Sex differences in Alzheimer's disease and common neuropathologies of aging

Abstract

Alzheimer's dementia is significantly more common in women than in men. However, few pathological studies have addressed sex difference in Alzheimer's disease (AD) and other brain pathologies. We leveraged postmortem data from 1453 persons who participated in one of two longitudinal community-based studies of older adults, the Religious Orders Study and the Rush Memory and Aging Project. Postmortem examination identified AD pathologies, neocortical Lewy bodies, DNA-binding protein 43 (TDP-43), hippocampal sclerosis, gross and micro infarcts, atherosclerosis, arteriolosclerosis, and cerebral amyloid angiopathy. Linear and logistic regressions examined the association of sex with each of the pathologic measures. Two-thirds of subjects were women (n = 971; 67%), with a mean age at death of 89.8 (SD = 6.6) years in women and 87.3 (SD = 6.6) in men. Adjusted for age and education, women had higher levels on a global measure of AD pathology (estimate = 0.102, SE = 0.022, p < 0.001), and tau tangle density in particular (estimate = 0.334, SE = 0.074, p < 0.001), and there was a borderline difference between women and men in amyloid-β load (estimate = 0.124, SE = 0.065, p = 0.056). In addition, compared to men, women were more likely to have more severe arteriolosclerosis (OR = 1.28, 95% CI:1.04-1.58, p = 0.018), and less likely to have gross infarcts (OR = 0.78, 95% CI:0.61-0.98, p = 0.037), although the association with gross infarct was attenuated after controlling for vascular risk factors. These data help elucidate the neuropathologic footprint of sex difference in AD and other common brain pathologies of aging.
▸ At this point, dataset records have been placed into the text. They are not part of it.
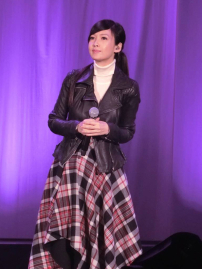 周慧敏分享聖誕真義 首次在崇拜公開演唱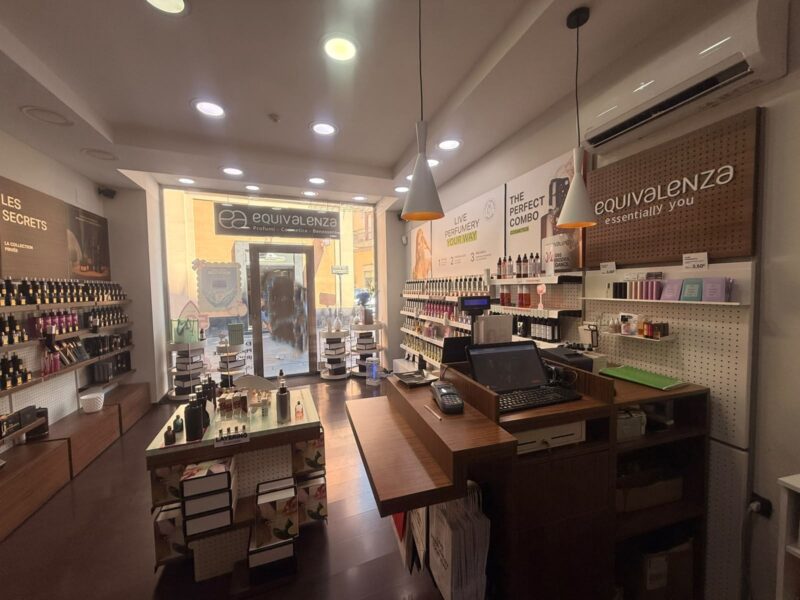 Cessione Attivit&agrave; Di Profumeria e Cosmetici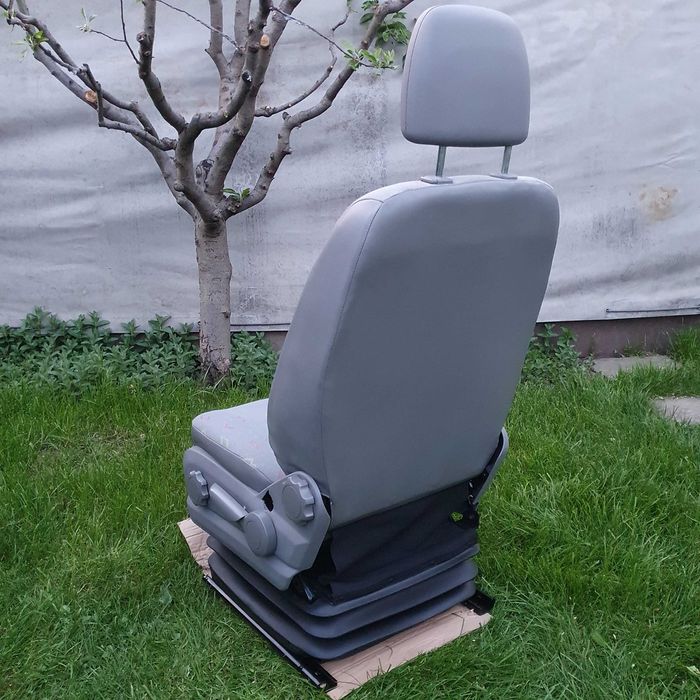 Scaun CONFORT pe PERNA de AER Mercedes SPRINTER Vw Crafter Sofer ca NOU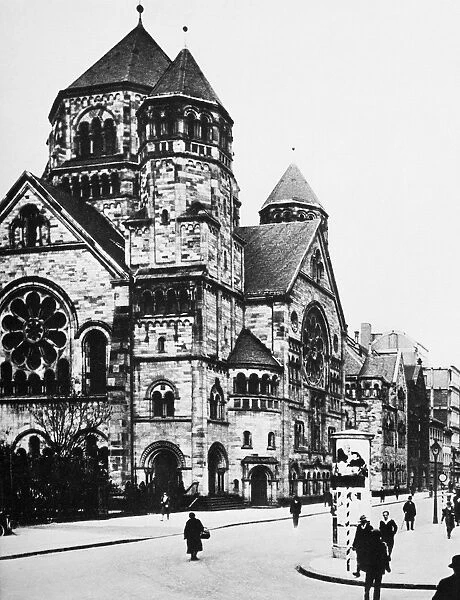 GERMAN SYNAGOGUE, 1904. A synagogue in Dusseldorf, Germany, photographed in 1904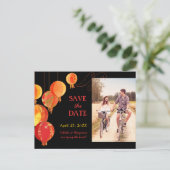 Het Hanging Lantaarns Bieden Foto sparen de Datum Aankondigingskaart (Staand voorkant)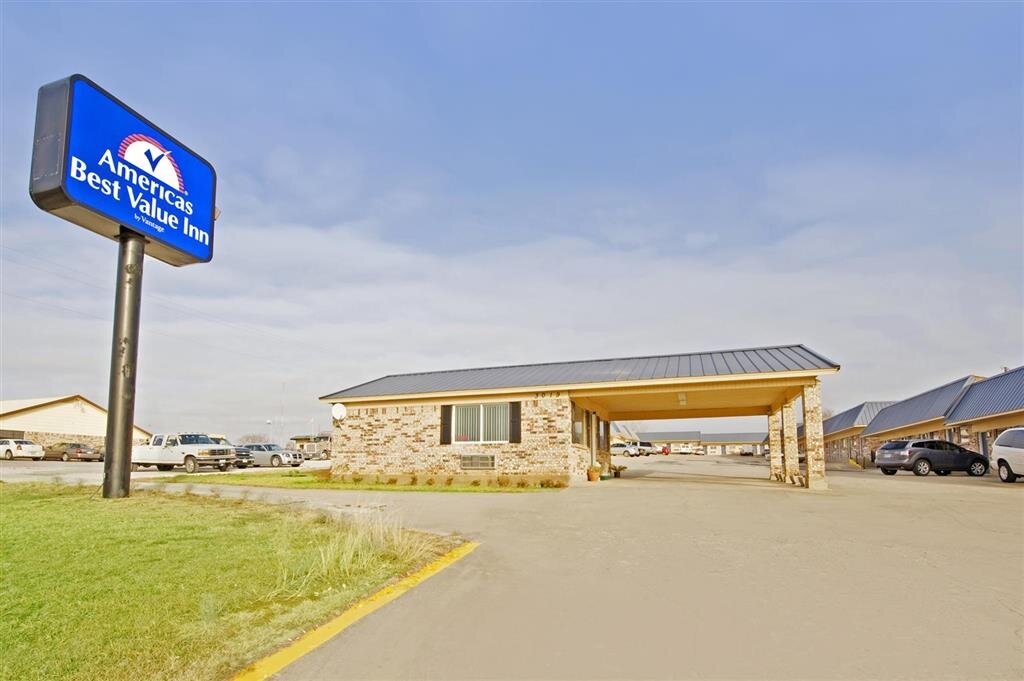 do kiowa casino hotels near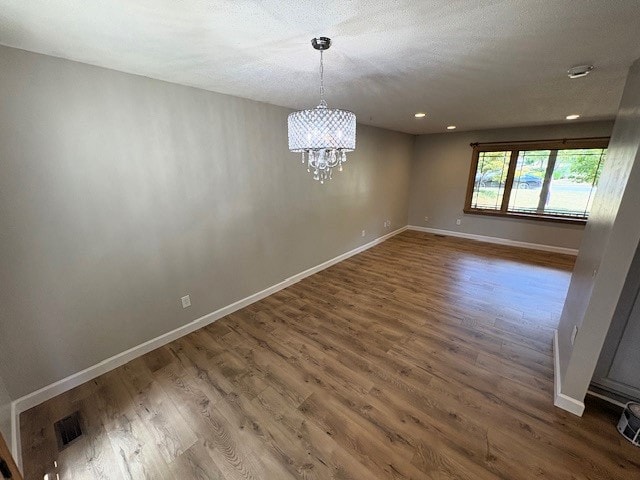 Building Photo - 11206 Woodcrest Dr SE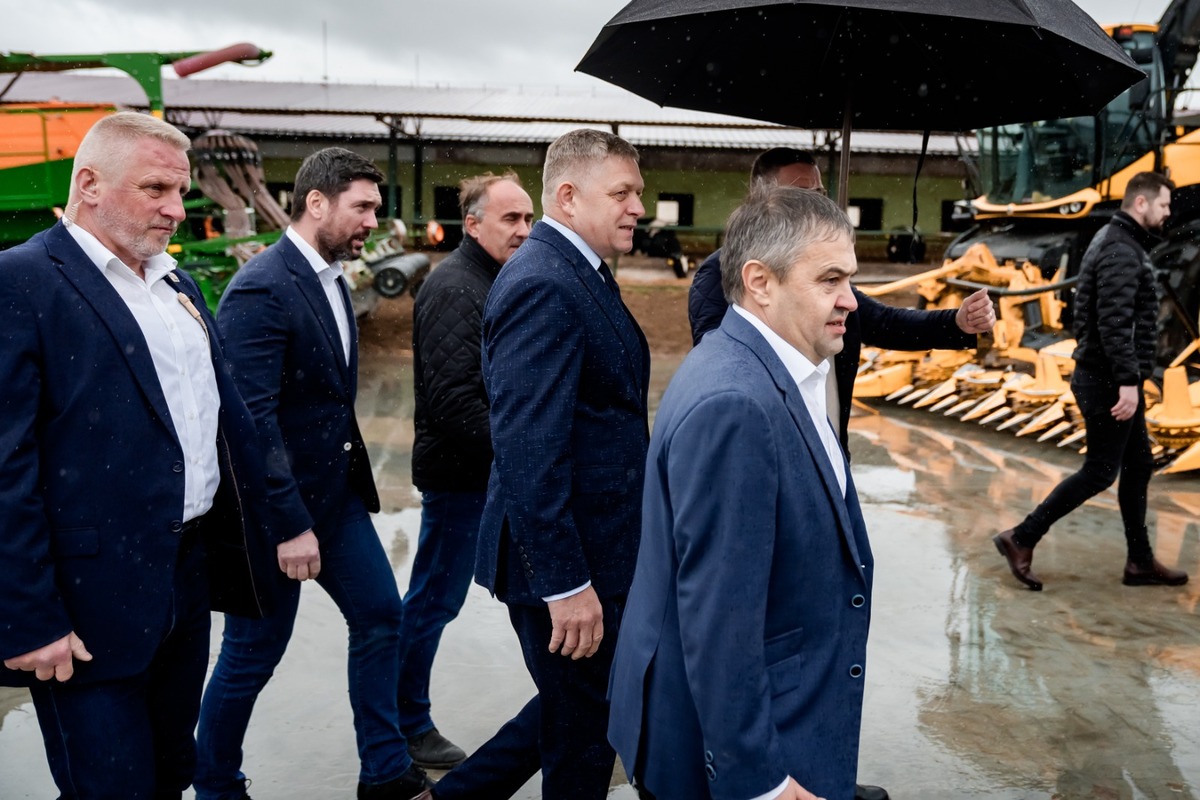 FOTO: Otvorenie novej farmy v Horných Obdokovciach, foto 2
Keywords: Alzheimer disease; Amyloid; Arteriolosclerosis; Pathology; Sex; Tau proteins.

Figure 1.

Levels of AD pathological indices among women and men, controlled for age at death and education. Levels of the amyloid and tangles pathologies were measured by using immunohistochemistry with the monocloncal antibodies against phosphorylated tau (AT8, Innogenetics, Alpharetta GA, 1:1000) and amyloid-β (MO0972 DAKO, 1:100). The global AD pathology is a composite measure derived from the 3 AD pathologic counts in the Bielschowsky silver stain sections: neuritic plaques, diffuse plaques, and neurofibrillary tangles.